So the rule for the social world is – heterogeneity, contingency, and plasticity. And the metaphysics associated with classical thinking about the natural world – laws of nature, common, unchanging structures, and predictable processes of change – do not provide appropriate metaphors for our understandings and expectations of the social world. Nor do they suggest the right kinds of social science theories and constructs.

Instead of naturalism, I suggest an approach to social science theorizing that emphasizes agency, contingency, and plasticity in the makeup of social facts. It recognizes that there is a degree of pattern in social life – but emphasizes that these patterns fall far short of the regularities associated with laws of nature. It emphasizes contingency of social processes and outcomes. It insists upon the importance and legitimacy of eclectic use of social theories: the processes are heterogeneous, and therefore it is appropriate to appeal to different types of social theories as we explain social processes. It emphasizes the importance of path-dependence in social outcomes. It suggests that the most valid scientific statements in the social sciences have to do with the discovery of concrete social-causal mechanisms, through which some types of social outcomes come about.

And finally, this approach highlights what I call “methodological localism”: the view that the foundation of social action and outcome is the local, socially-located and socially constructed individual person. The individual is socially constructed, in that her modes of behavior, thought, and reasoning are created through a specific set of prior social interactions. And her actions are socially situated, in the sense that they are responsive to the institutional setting in which she chooses to act. Purposive individuals, embodied with powers and constraints, pursue their goals in specific institutional settings; and regularities of social outcome often result.

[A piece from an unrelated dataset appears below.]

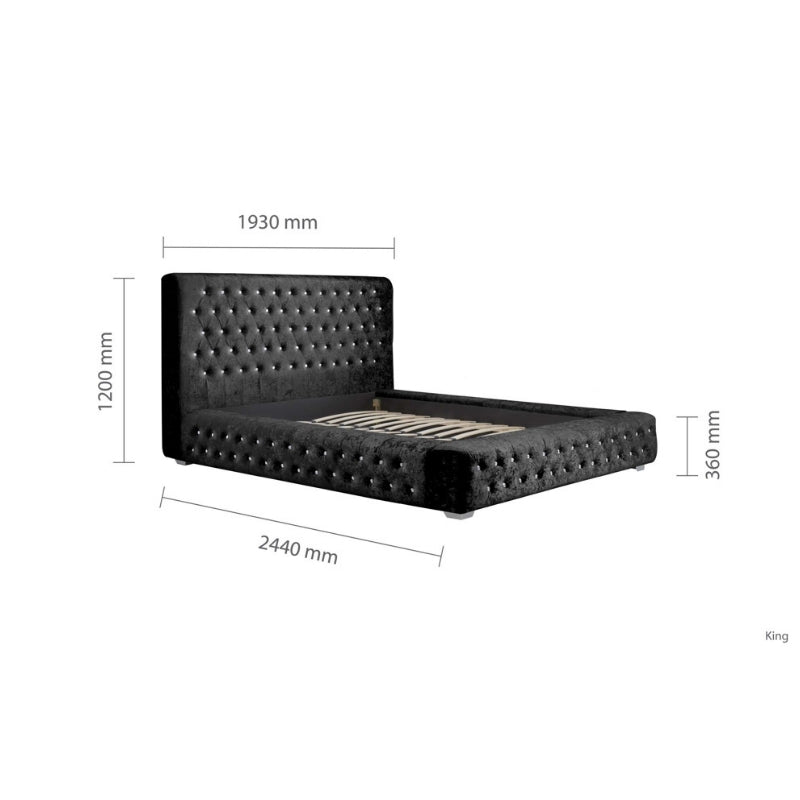 Birlea Grande King Bed Black Crushed Velvet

How does this perspective fit with current work in the social sciences? There are several current fields of social research that are particularly well suited to this approach. One is the field of comparative historical sociology, in its use of fairly detailed studies of similar cases in order to identify common causal mechanisms. Kathleen Thelen’s astute studies of different institutions of skill formation in Germany, UK, US, and Japan are an excellent case in point; she asks the twin questions, what causal processes give stability to a set of institutions? And what causal processes lead to a process of transformation in those institutions? The research methods of comparative historical sociology, then, are particularly well suited to the ontology of contingency, plasticity, and causal mechanisms (How Institutions Evolve: The Political Economy of Skills in Germany, Britain, the United States, and Japan).

Ethnography gives us a different angle on this same ontology. Ethnographers can give us insight into culturally specific mentalities—the “socially constructed individuals”. And they can give concrete analysis of the institutions that both shape individuals and are in turn shaped by them. More generally, qualitative research methods can offer a basis for discovery of some of the features of agency, mentality, and culture within the context of which important social processes take place. A good current example is Leslie Salzinger's Genders in Production: Making Workers in Mexico's Global Factories, a study of the social construction of femininity in the factories of the maquiladoras. C. K. Lee's sociology of Chinese factory protests is also a model of a study that combines qualitative and quantitative methods; Against the Law: Labor Protests in China's Rustbelt and Sunbelt.

The new institutionalism is a third theoretical perspective on social analysis and explanation. This approach postulates the causal reality of institutions; it highlights the point that differences across institutions lead to substantial differences in behavior; and it provides a basis for explanations of various social outcomes. The rules of liability governing the predations of cattle in East Africa or Shasta County, California, create very different patterns of behavior in cattle owners and other land owners in the various settings. (Mary Brinton and Victor Nee, The New Institutionalism in Sociology; Jean Ensminger, Making a Market: The Institutional Transformation of an African Society.) It is characteristic of the new institutionalism that researchers in this tradition generally avoid reifying large social institutions and look instead at the more proximate and variable institutions within which people live and act.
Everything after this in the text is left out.